Les réactions survenues après la création du nouveau R20 démontrent que la complémentarité entre tous ces réseaux n’est pas toujours évidente.
« Le risque du R20 est de voir proliférer les réseaux », a déclaré le président du FOGAR, Claudio Martini, lors de la réunion organisée par le Conseil régional d’Ile-de-France le 4 mars. « Il y a déjà des réseaux importants, le R20 vient s’ajouter à cette dimension internationale.

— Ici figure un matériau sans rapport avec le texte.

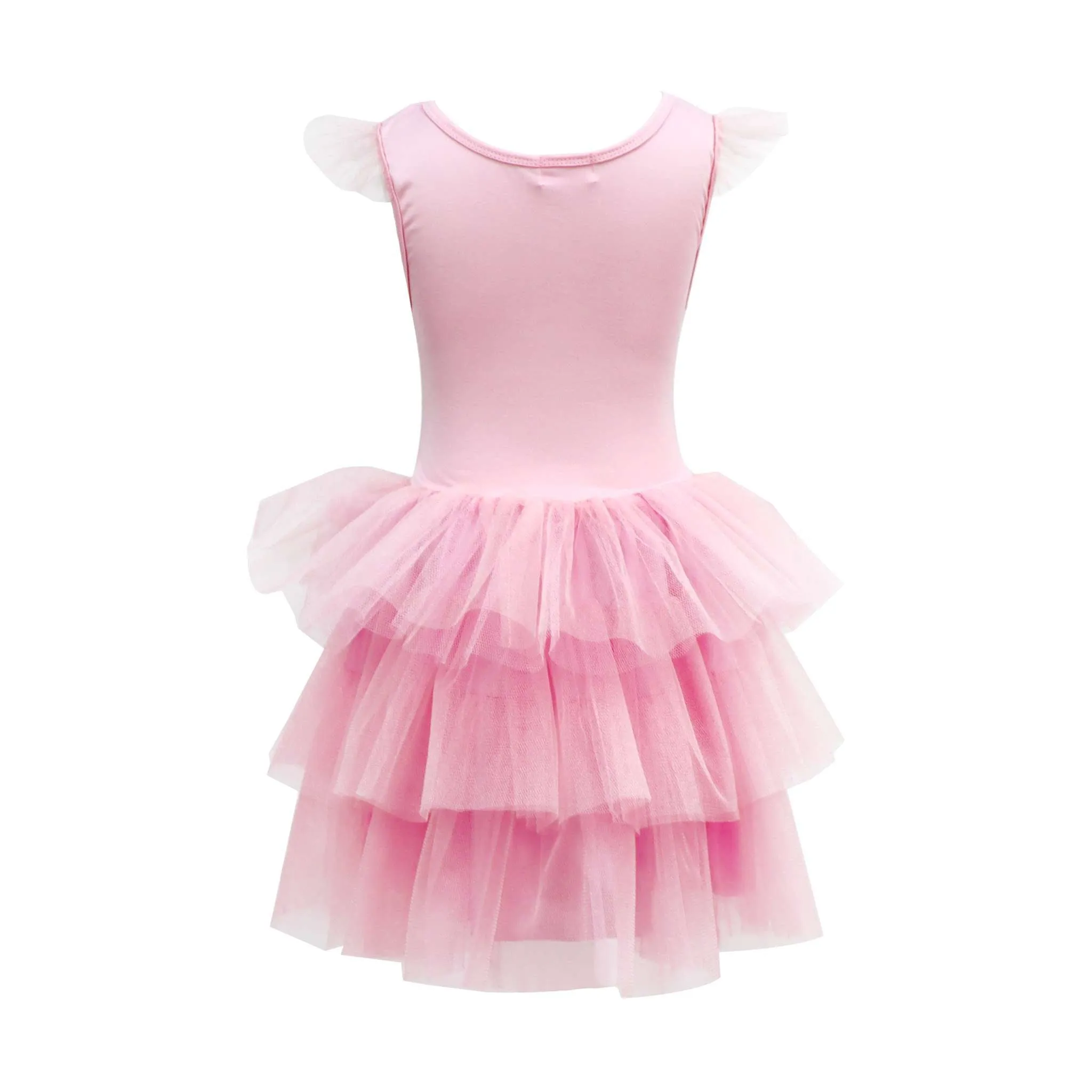 Claris Fashion Tulle Dress in Pink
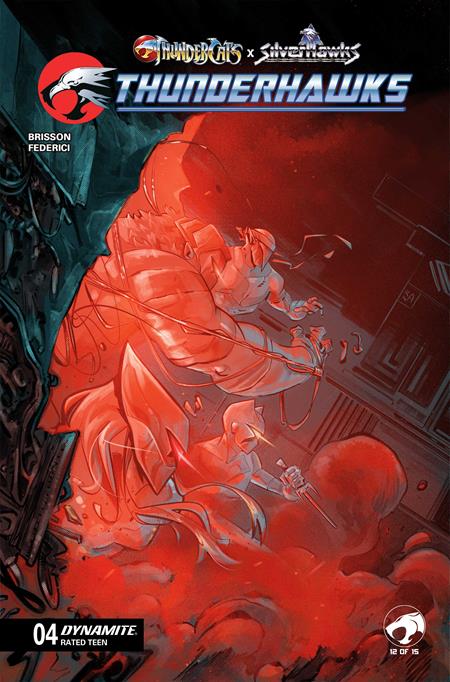 PRE-SALE: THUNDERCATS X SILVERHAWKS THUNDERHAWKS #4 CVR D ALESSANDRO RANALDI VAR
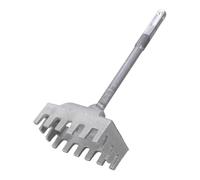 Cinceles de martillo eléctrico de vástago cuadrado fácil de usar, accesorio de ranurado para caja de conmutación precisa tipo 86, ranurado, acero de alto carbono, herramienta de ranurado de martillo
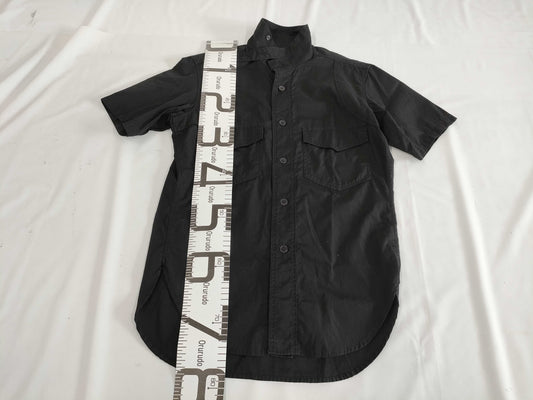 Ys Yohji Yamamoto Pocket Short Sleeve Shirt, Black, Size 2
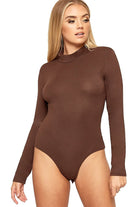 Plus Size Long Sleeve Turtleneck Bodysuit Bodysuit WearAll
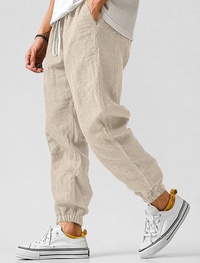 Timo | Herren Jogger Sommerhose - Khaki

Il faut essayer d’avoir des lieux où l’on se retrouve tous, sinon le fait régional restera minoritaire ». Les Régions doivent donc réussir le défi de la coopération.
Pour François Desrentes de Nrg4sd, le R20 est une « parodie du G20 », un « pastiche », même s’il admet que « si le R20 reste une initiative parmi d’autres, elle a son importance en terme de visibilité politique ». Pour Christophe Nutall, le R20 va être « un club de Régions qui adhèrent au principe de mettre à disposition les experts du Nord pour renforcer la capacité du Sud. Ce n’est pas le réseau des réseaux, ni une institution parapluie ». L’enjeu pour les Régions est, selon lui, de « travailler non seulement de façon complémentaire, mais aussi en synergie ».
De son côté, la présidente de l’Assemblée des Régions d’Europe, Michèle Sabban, déclare avoir toujours eu, en prenant la présidence de l’ARE, « la volonté de réunir l’ensemble de ces réseaux de lobbying ». « Le R20 peut contribuer à tous nous réunir comme une grande fédération des assemblées et des associations qui luttent ensemble dans le même sens », ajoute-t-elle.
Et maintenant ?
Le contexte international est marqué par la démission d’Yvo De Boer, et la volonté des Chinois de relancer les négociations sur le climat. Les Régions sont donc aujourd’hui dans l’expectative.
« On est dans l’attente », indique Ronan Dantec, évoquant la position de Cités du CGLU. Selon lui, la situation devrait être clarifiée au mois d’avril, après la Conférence de Bonn. Une opinion partagée par François Desrentes de Nrg4sd. Plusieurs organisations défendant le rôle des Régions organiseront ainsi des conférences au mois d’avril pour définir leur action à venir.
La réunion des Etats fédérés et des Régions, le 4 mars à Paris, sur le thème « Agir concrètement en matière de changement climatique : agenda et priorités sur la route de la COP 16 au Mexique », s’est clôturée avec l’adoption de la déclaration d’Ile-de-France. Celle-ci indique que les Régions apportent leur soutien à l’Union européenne pour que son rôle soit renforcé dans le cadre des négociations internationales sur la lutte contre le changement climatique. Les Régions et Etats fédérés ont également demandé aux dirigeants européens d’augmenter l’objectif de réduction des gaz à effets de serre, et ce afin d’encourager les pays en développement à adopter des objectifs ambitieux. La déclaration d’Ile-de-France appelle également l’UE à s’engager dès maintenant sur la voie de l’économie verte.
Le R20 s’est réuni parallèlement, le même jour, pour discuter de son avenir. Son statut sera celui d’une association de droit international, cependant, le R20 cherchera à se faire reconnaître comme une organisation intergouvernementale par le système des Nations Unis. Un statut qui pourrait lui permettre d’être présent auprès des Etats lors de la négociation des textes internationaux, même s’il ne pourra pas voter. Le R20 a également défini ses projets et souhaite s’inscrire dans une démarche de complémentarité par rapport aux réseaux existants. Il accompagnera les Régions des pays en développement dans des projets sur le terrain et mettra en place un marché du carbone sur la base du volontariat. Le gouverneur de la Californie, Arnold Schwarzenegger, président honoraire du R20, a proposé de tenir un sommet des Régions à Los Angeles avant la conférence de Cancun pour amener les Régions du monde à adhérer au R20.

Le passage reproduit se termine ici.